Well, here’s the thing – I’m thinking maybe the doctor shouldn’t have discharged my husband from the hospital on Christmas Eve. I think he probably did it too early, maybe just so we could have Christmas at home, because he certainly wasn’t better.
In fact, here it is over a month later and he still isn’t better. In the interim since I wrote last, he’s been back to our own doctor and got follow-up x-rays and they still showed pneumonia in his left lung, so she put him on yet another round of antibiotics (his 3rd, 4th if you count the one in the hospital).
So how is he doing now, you ask? Huh. Not so good. Or at least not as good as I would expect. Tomorrow is his last antibiotic and he is still coughing some and is still weak, no energy. He sleeps all day, every day, but he’s still weak and tired all the time.
Of course, I haven’t let him out of the house since the visit to the doctor and we saw the x-rays and her saying he still has the pneumonia.
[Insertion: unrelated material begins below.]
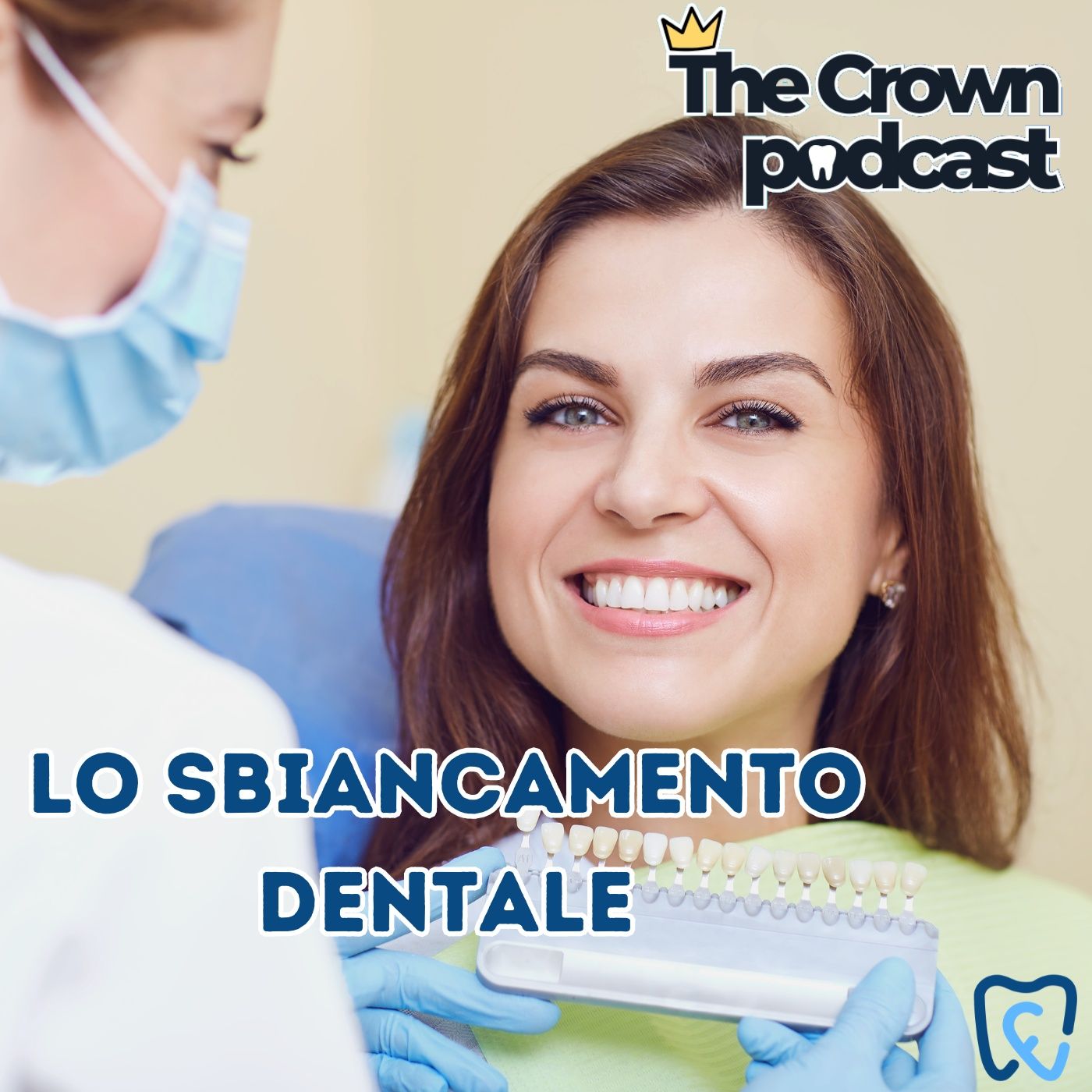 The Crown - Un podcast dentale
So, as you might expect, he is going absolutely stir crazy and is now suffering from an acute case of cabin fever.
His next follow-up at the doctor is this Wed. (in 2 days), and we were hoping for a clean bill of health, but it’s not looking too good.
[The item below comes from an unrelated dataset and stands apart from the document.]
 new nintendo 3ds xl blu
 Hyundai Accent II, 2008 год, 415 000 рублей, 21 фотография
I talk to my dad on the phone every day and today he asked me how I am doing, and I said I was doing good, but that’s just talking about my health.
If I were to be absolutely honest about how I’m really doing I’d have to say I’m kinda “over” this thing already! I’m used to Bill and I splitting everything, but with this pneumonia, I’ve had to do everything myself, plus take care of him. I mean, I don’t mind taking care of him, he’s my husband and I love him, and I know he’d do the same for me.
But doing everything around the house, making all the meals, going shopping, taking myself to the library (he always goes with me), going to the drugstore, running errands, etc. is getting kinda old.
Ok, that’s enough. Sorry to complain. I shouldn’t do that. I should be a happy caregiver. But I wasn’t a happy caregiver after the accident that almost took his leg in 2011, either – I just did what I had to do. And that took like a year for him to get truly stabilized on his own. So why should I complain about this? Again, I’m sorry.
The good part is that I’ve been taking care of myself, too, in spite of it all. So my bipolar disorder hasn’t been affected, and that’s really good. I’d hate to be dealing with an episode on top of everything else.
That’s the main thing. If you’re dealing with something that involves someone else, don’t let yourself get overwhelmed, and absolutely, positively, number one rule: Take care of yourself!